Tate Britain

Olafur Eliasson

Turner colour experiments

26 Aug 2014 - 25 Jan 2015

Olafur Eliasson
Colour experiment no. 58 2014
© 2013 Olafur Eliasson
Olafur Eliasson, creator of the acclaimed Turbine Hall commission The Weather Project 2003, has made a new series of paintings in response to the work of J.M.W. Turner.

Eliasson has analysed seven paintings by Turner to create Turner colour experiments, which isolate and record Turner’s use of light and colour.

Turner colour experiments relate to an ongoing series of Colour experiment paintings which began in 2009 when Eliasson started analysing pigments, paint production and application of colour in order to mix paint in the exact colour for each nanometre of the visible light spectrum.

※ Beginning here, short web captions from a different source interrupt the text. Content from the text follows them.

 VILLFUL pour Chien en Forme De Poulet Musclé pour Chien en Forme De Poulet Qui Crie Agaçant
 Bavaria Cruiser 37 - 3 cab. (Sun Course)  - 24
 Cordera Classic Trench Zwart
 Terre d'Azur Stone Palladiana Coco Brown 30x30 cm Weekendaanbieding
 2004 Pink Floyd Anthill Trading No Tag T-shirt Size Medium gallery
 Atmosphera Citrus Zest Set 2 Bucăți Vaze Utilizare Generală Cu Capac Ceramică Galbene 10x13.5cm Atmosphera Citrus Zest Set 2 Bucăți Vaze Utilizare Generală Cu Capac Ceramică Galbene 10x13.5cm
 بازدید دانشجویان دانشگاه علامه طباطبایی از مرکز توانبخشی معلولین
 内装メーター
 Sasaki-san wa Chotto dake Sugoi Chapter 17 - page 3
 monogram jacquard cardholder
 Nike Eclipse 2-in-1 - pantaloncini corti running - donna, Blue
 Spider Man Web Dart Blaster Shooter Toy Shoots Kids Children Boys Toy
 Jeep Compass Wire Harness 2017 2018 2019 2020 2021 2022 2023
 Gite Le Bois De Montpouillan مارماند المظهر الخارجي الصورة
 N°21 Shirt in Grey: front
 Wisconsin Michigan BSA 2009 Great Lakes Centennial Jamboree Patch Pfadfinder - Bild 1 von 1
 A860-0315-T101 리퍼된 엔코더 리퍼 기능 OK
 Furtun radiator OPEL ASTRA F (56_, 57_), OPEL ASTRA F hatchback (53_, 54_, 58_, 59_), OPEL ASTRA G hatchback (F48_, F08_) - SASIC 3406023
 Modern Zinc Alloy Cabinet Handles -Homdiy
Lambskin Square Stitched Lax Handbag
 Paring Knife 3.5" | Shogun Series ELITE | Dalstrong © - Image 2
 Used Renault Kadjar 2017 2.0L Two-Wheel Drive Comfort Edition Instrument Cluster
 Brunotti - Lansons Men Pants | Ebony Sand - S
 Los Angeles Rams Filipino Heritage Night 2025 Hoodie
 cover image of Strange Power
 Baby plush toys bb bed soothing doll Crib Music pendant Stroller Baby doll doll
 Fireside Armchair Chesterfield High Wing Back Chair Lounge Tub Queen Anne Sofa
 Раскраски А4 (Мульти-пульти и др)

Turner colour experiments demonstrate Turner’s continued relevance to and fascination for artists today and will coincide with Tate Britain’s major autumn exhibition, The EY Exhibition: Late Turner – Painting Set Free.

Olafur Eliasson says:
Turner’s ability to shape and frame light in his paintings has had a significant impact on my work....In the Turner colour experiments, I’ve isolated light and colour in Turner’s works in order to extract his sense of ephemera from the objects of desire that his paintings have become. The schematic arrays of colours on round canvases generate a feeling of endlessness and allow the viewer to take in the artwork in a decentralised, meandering way.

Danish-Icelandic artist Olafur Eliasson was born in 1967 in Copenhagen, where he attended the Royal Academy of Arts and is based in Berlin.

His work has been exhibited extensively internationally. Eliasson’s new paintings will be on display at the Clore Galleries, Tate Britain.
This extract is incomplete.